(Entries taken from a collection)
☆ ☆ ☆ ☆ ☆

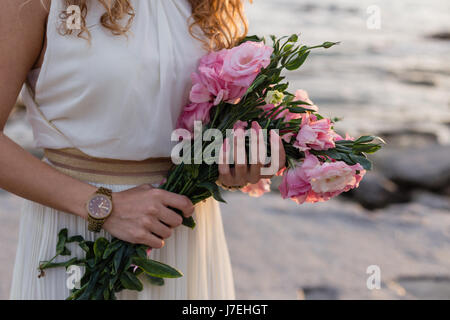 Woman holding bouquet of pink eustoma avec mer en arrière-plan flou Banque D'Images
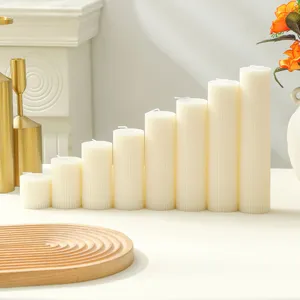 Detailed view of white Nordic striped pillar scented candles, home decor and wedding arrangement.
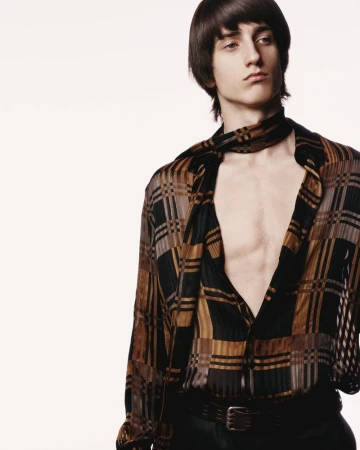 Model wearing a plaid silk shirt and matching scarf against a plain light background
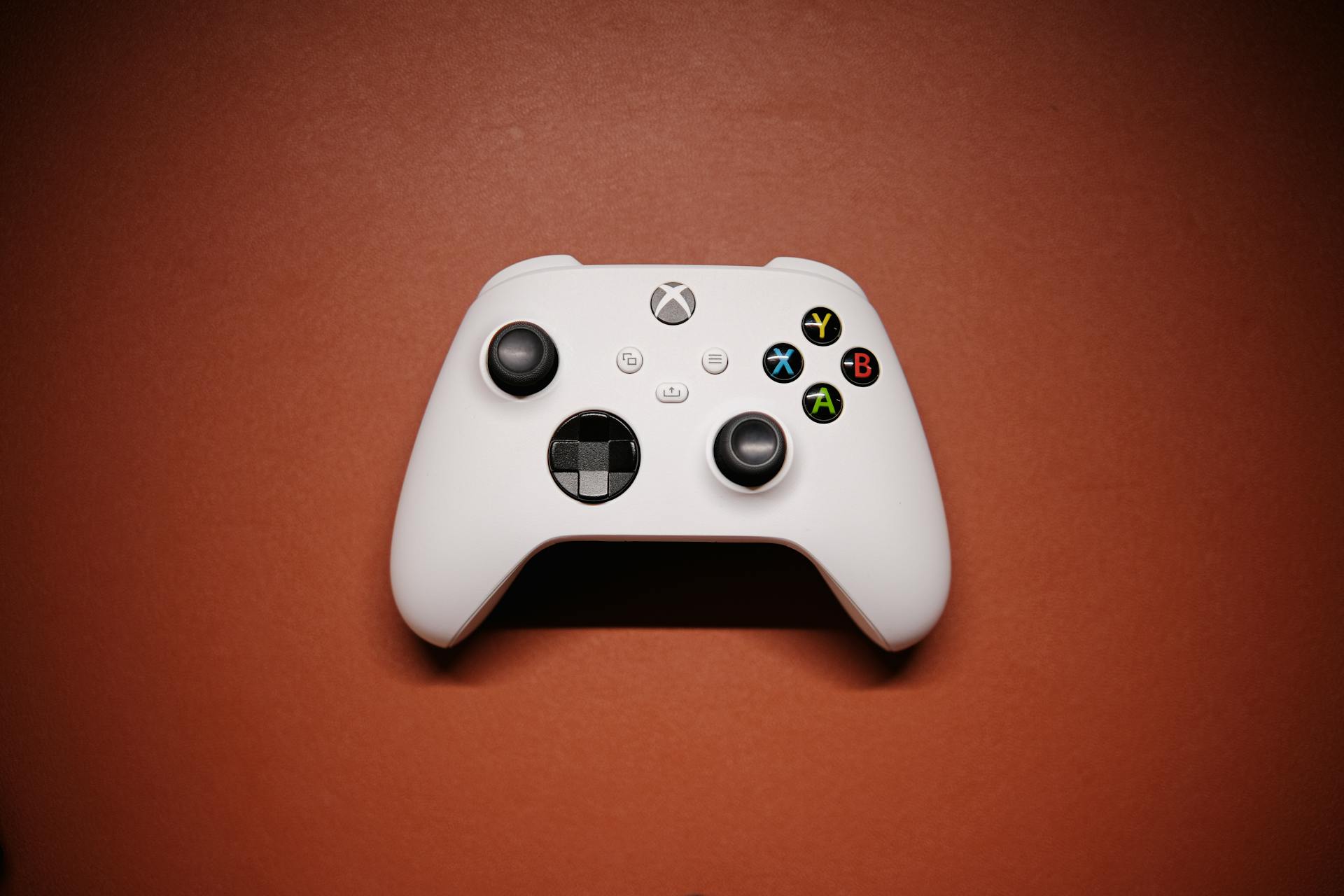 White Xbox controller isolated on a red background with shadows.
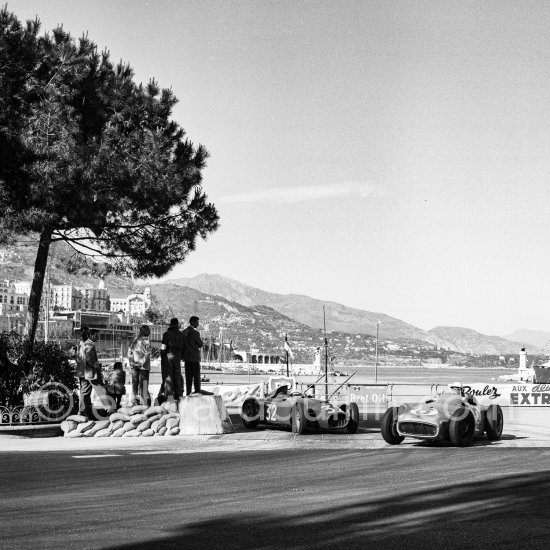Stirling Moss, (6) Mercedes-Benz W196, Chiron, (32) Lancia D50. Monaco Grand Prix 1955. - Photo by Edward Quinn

☆ ☆ ☆ ☆ ☆

In your answer, repeat all the entries exactly, but leave out the pictures.

 Woman holding bouquet of pink eustoma avec mer en arrière-plan flou Banque D'Images
 Detailed view of white Nordic striped pillar scented candles, home decor and wedding arrangement.
 Model wearing a plaid silk shirt and matching scarf against a plain light background
 White Xbox controller isolated on a red background with shadows.
Stirling Moss, (6) Mercedes-Benz W196, Chiron, (32) Lancia D50. Monaco Grand Prix 1955. - Photo by Edward Quinn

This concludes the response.